▶ **The problem**:
Only the lines in the entries below from the line with "WATLOW HEATER |" to the line with "Мфу лазерный Xerox c460w", both included, belong in the answer, transcribed exactly and without pictures.

▶ **Data supplied**:
Segment Open
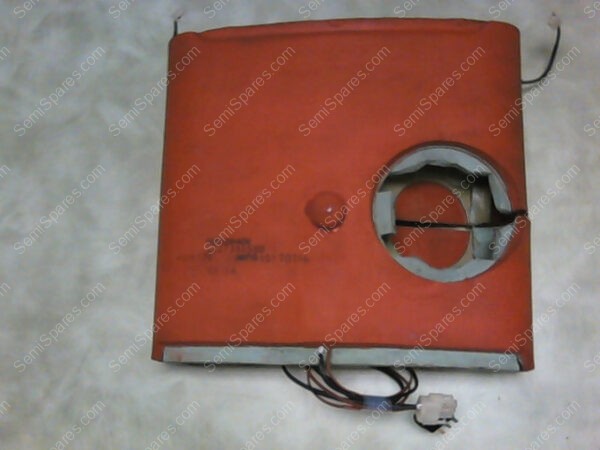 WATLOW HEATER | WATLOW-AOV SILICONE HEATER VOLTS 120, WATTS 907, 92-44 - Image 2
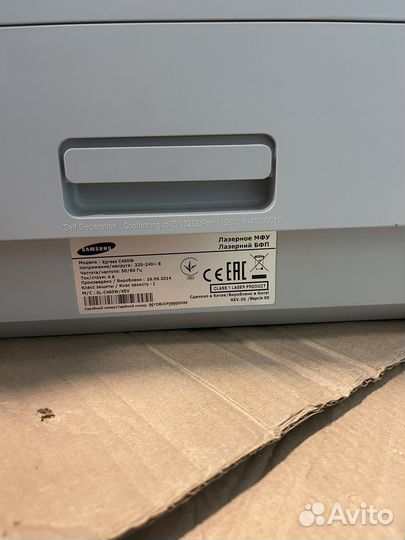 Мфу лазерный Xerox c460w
Segment Closed
Segment Open
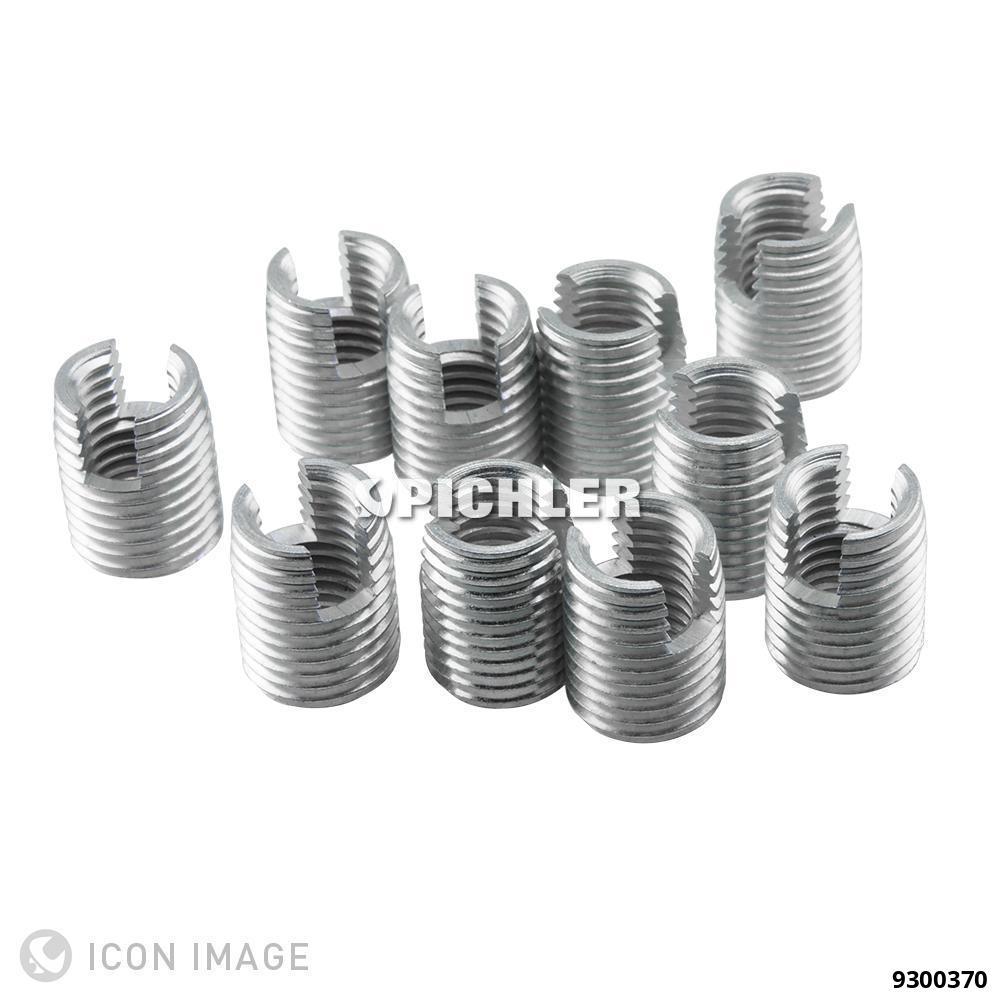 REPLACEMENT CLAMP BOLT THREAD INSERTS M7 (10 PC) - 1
Segment Closed
Segment Open
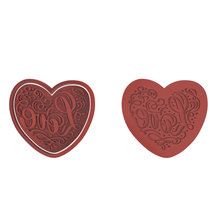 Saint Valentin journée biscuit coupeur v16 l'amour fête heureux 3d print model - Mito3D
Segment Closed
▶ **Solution for this problem**:
 WATLOW HEATER | WATLOW-AOV SILICONE HEATER VOLTS 120, WATTS 907, 92-44 - Image 2
 Мфу лазерный Xerox c460w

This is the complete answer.